Andrea Astore ha 37 anni, ed è stato un elemento chiave durante la tristemente nota vicenda che ha visto Niccolò Bettarini, figlio di Stefano e Simona Ventura, rischiare la vita davanti all’Old Fashion. Ma cosa c’entra il ragazzo di cui sopra, vi starete chiedendo: ora vi raccontiamo la sua storia. Andrea fa il taxista da 15 anni nel capoluogo lombardo, e la notte che è successo il fattaccio, il 30 giugno scorso, ha dato un passaggio a due degli aggressori, gli albanesi Andi Arapi e Albano Jakej, attualmente rinchiusi in carcere. Il tassista è stato intervistato dal quotidiano Il Giorno, a cui ha raccontato come andò quella notte. Tutto iniziò dal passaggio davanti all’Old Fashion, dove Andrea vide un ragazzo a terra, ma soprattutto una giovane disperata: «Da lontano mi sembra che indossi dei leggings di colore rosso – racconta nell’intervista – ma poi metto a fuoco e mi accorgo che ha le gambe completamente coperte di sangue. Mi dico “Quel ragazzo deve essere messo veramente male…”».
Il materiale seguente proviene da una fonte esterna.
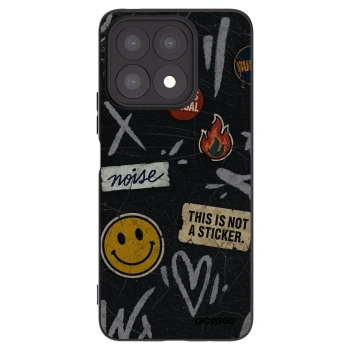 Picasee fekete szilikon tok az alábbi mobiltelefonokra Honor X8a - STICKERS x TAGS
“LO RIFAREI ALTRE CENTO VOLTE”
Pochi secondi dopo gli arriva una telefonata per un passaggio, e a via Monti 42 salgono due ragazzi e una ragazza. I due giovani sono apparsi fin da subito “strani” al tassista, visto che uno dei due ha una fasciatura con del sangue, e l’altro indossa una maglietta strappata. E proprio questo particolare fa scattare un campanello d’allarme nella mente dell’autista, che si ricordava che passando davanti all’Old Fashion, un poliziotto cercava appunto un sospettato con una t-shirt strappata. I tre chiedono ad Andrea di portarli ad Affori, e appena saliti in macchina, il tassista ripassa davanti all’Old Fashion, a lentissima andatura, sperando di essere visto da qualche poliziotto. Purtroppo non succede, ma nota la reazione dei due passeggeri, che si appiattiscono al sedile e si coprono il volto con le mani. Una volta raggiunta la destinazione, e dopo aver scaricato i tre, Andrea chiama la polizia e subito dopo scatta l’arresto: «Mi sento come una persona che ha fatto il suo dovere – racconta il tassista – e che rifarebbe la stessa cosa altre cento volte. Mi sono soltanto comportato da buon cittadino che non volta la testa dall’altra parte, come ho sempre fatto nella mia vita. Quando ho avuto il sospetto che quei ragazzi potessero essere gli aggressori, ho ripensato alle gambe coperte di sangue di quella ragazza e la mente è subito corsa alle mie figlie».